Nun lässt sich natürlich diskutieren, ob und inwiefern ein Erwägungsgrund der DSGVO überhaupt als Auslegungshilfe der Verordnung herangezogen werden darf.

Fazit

Mit der Entscheidung schafft der OHG ein wenig mehr Klarheit beim Kopplungsverbot. Gleichwohl lässt sich streiten, ob andere Ansichten mangels tiefergehender Begründung in der Sache nicht ebenso gut vertretbar wären und eine Lockerung des Kopplungsverbotes aus Gründen der Praktikabilität in der elektronischen Datenverarbeitung erlauben.

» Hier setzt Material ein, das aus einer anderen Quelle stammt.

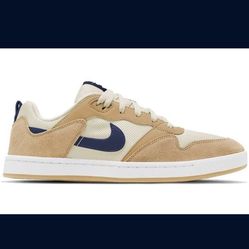Nike SB Gold/Navy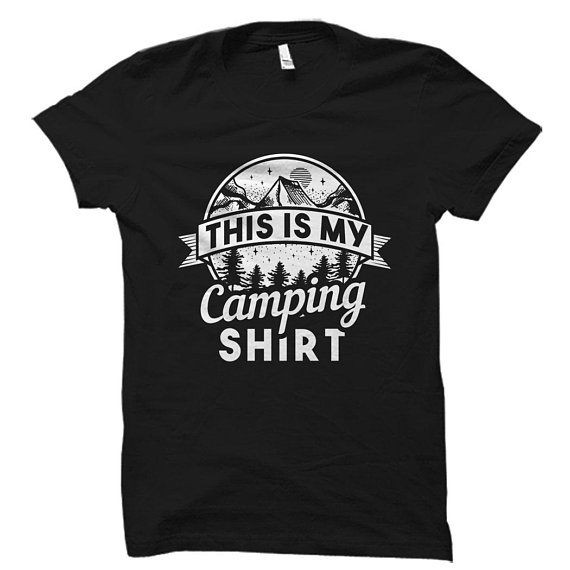 Camping Shirt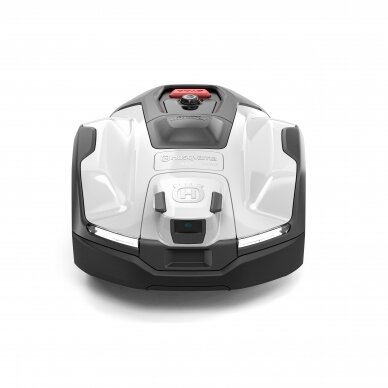 „Husqvarna Automower®“ 410VE NERA „Husqvarna Automower®“ 410VE NERA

So kann die Freiwilligkeit der Abgabe der Einwilligung gewiss infrage gestellt werden, wenn sie zwingend für die Nutzung einer Dienstleistung oder eines Produkts (z.B. Smartphone, IoT-Gerät) erforderlich ist. Auf diese Weise könnte der Anbieter oder Hersteller bestimmte Funktionen wie beispielsweise die Analyse des Nutzerverhaltens oder das GPS-Tracking einverlangen, ohne dass diese Datenverarbeitung für die Nutzung der Anwendung bzw. des Geräts erforderlich ist. Ähnlich könnte auch das Spielen von Games auf einer Webseite von einem Tracking abhängig gemacht werden, obgleich dieses streng genommen zwei unterschiedliche Vorgänge sind.

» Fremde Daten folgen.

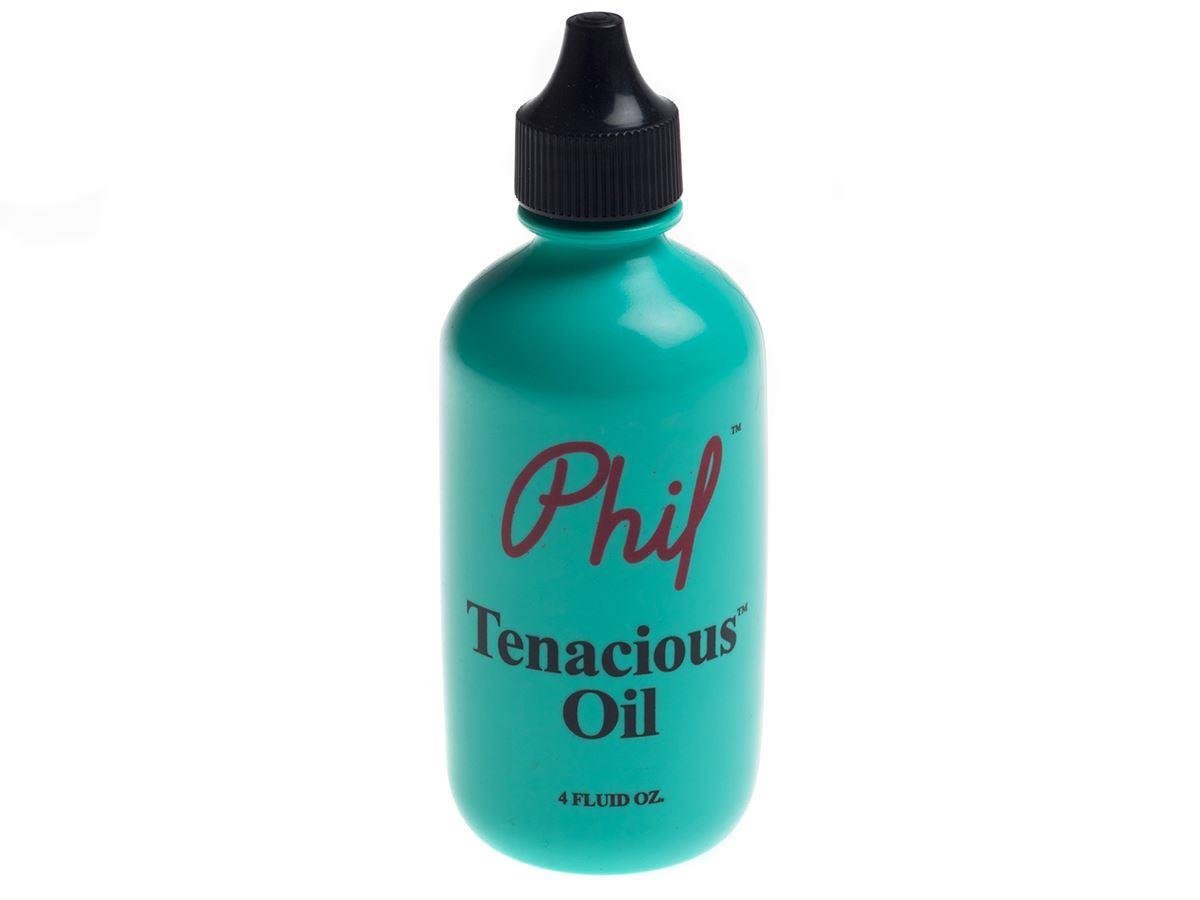Phil Wood 4-Ounce Tenacious Oil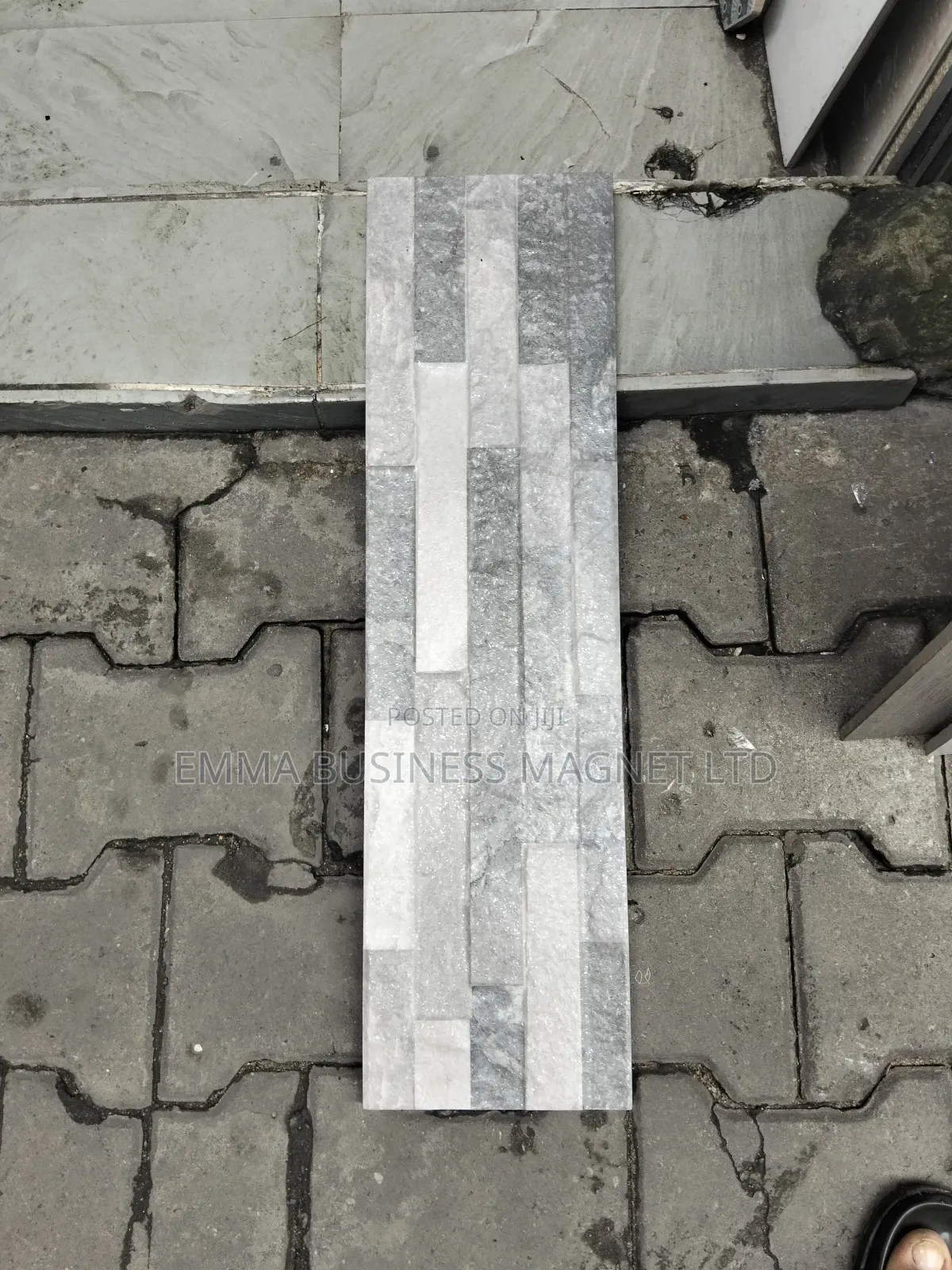 15.5x60 High Quality Chain Outside Walls Tiles 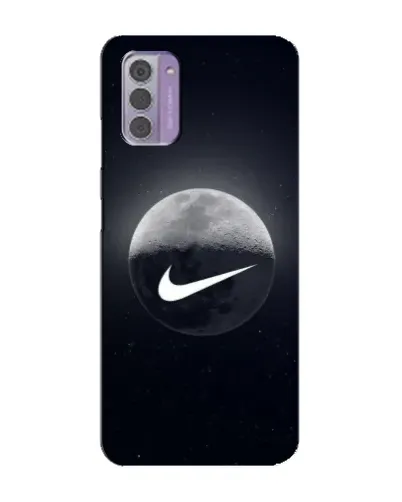 Чехол для Nokia G42 с картинкой «Nike в стиле граффити» Чехол для Nokia G42 с картинкой «Nike в стиле граффити»
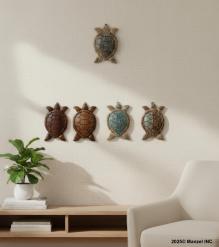 WOODEN WALL DECOR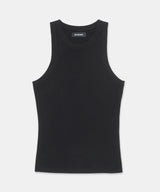 Signature Cashmere High Neck Tank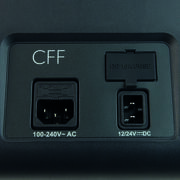 Glacière portable à compression CFF : Modèle CFF-35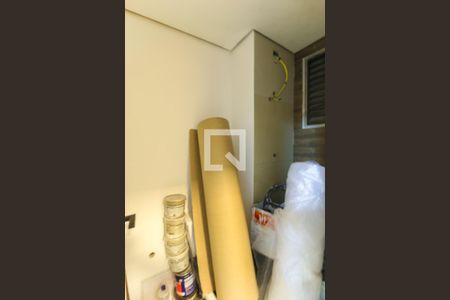 Apartamento para alugar com 255m², 3 quartos e 3 vagasBanheiro de Serviço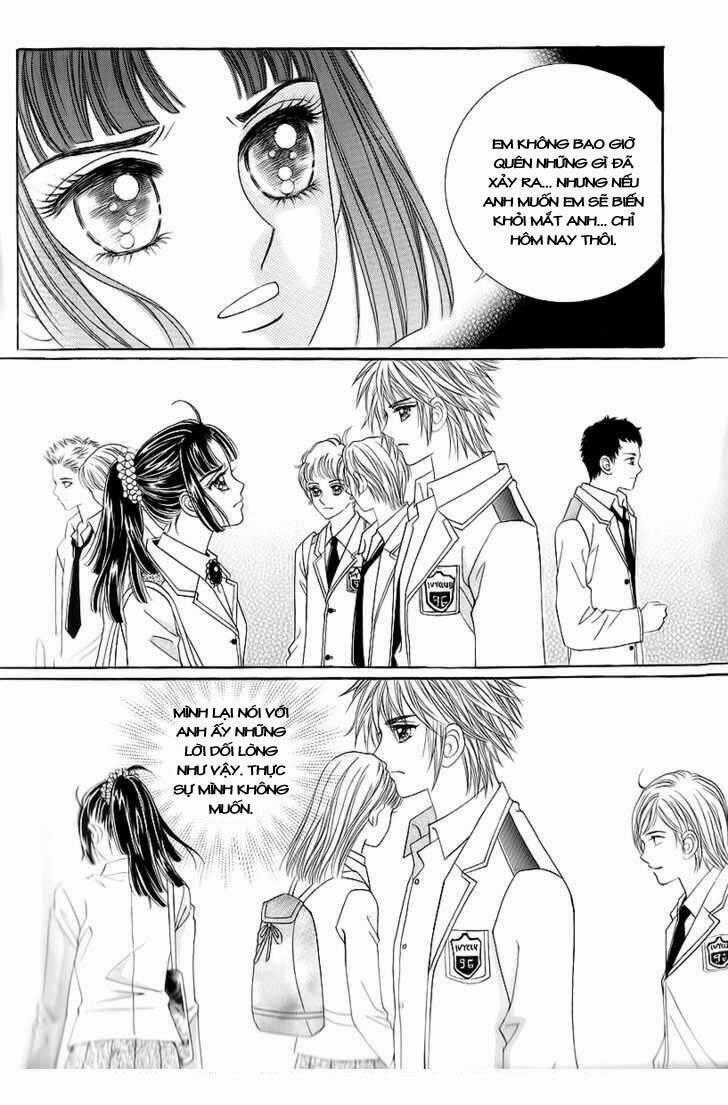 Mặt nạ tình yêu - Chapter 21 - Trang 35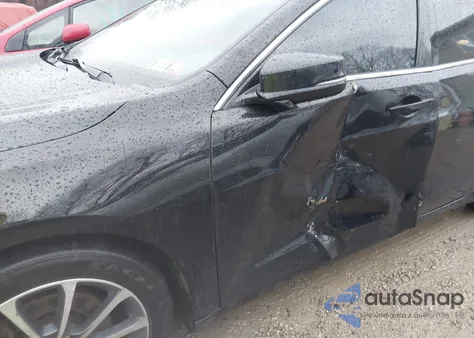 2015 Acura Tlx V6 Tech from USA, damaged, VIN 19UUB2F58FA008037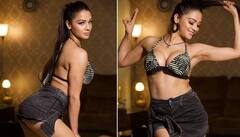 Photos: ભોજપુરી એક્ટ્રેસ નમ્રતા મલ્લાની આ તસવીરોએ સોશ્યલ મીડિયા પર મચાવ્યો કેર, દિલ થામીને જુઓ તસવીરો.......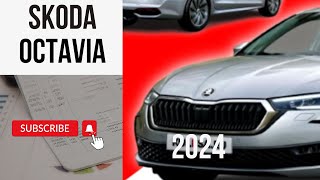 NEW Skoda Octavia 2024  In Depth Walkaround [upl. by Etnovad211]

Gewiss mutet die Diskussion über die Wahlfreiheit und Freiwilligkeit des Handelns in der heutigen Informationsgesellschaft schon etwas Philosophisches an, kann doch ohnehin nahezu immer bezweifelt werden, dass der Einzelne mit der tiefgehenden und kaum mehr nachvollziehbaren Verarbeitung seiner personenbezogenen Daten durch Google, Facebook, Amazon und Co. überhaupt einverstanden ist, insbesondere angesichts der mangelten Alternativen anderer Diensteanbieter oder Systeme (sog. Lock-in Effekt).

Der OGH sah übrigens die Fallfrage für geklärt an und verzichtete auf eine Vorlage an den EuGH. Insofern bleibt weiterhin ein gewisser Unsicherheitsfaktor, wenn gleich die Ausführungen im Ergebnis vorzugswürdig erscheinen.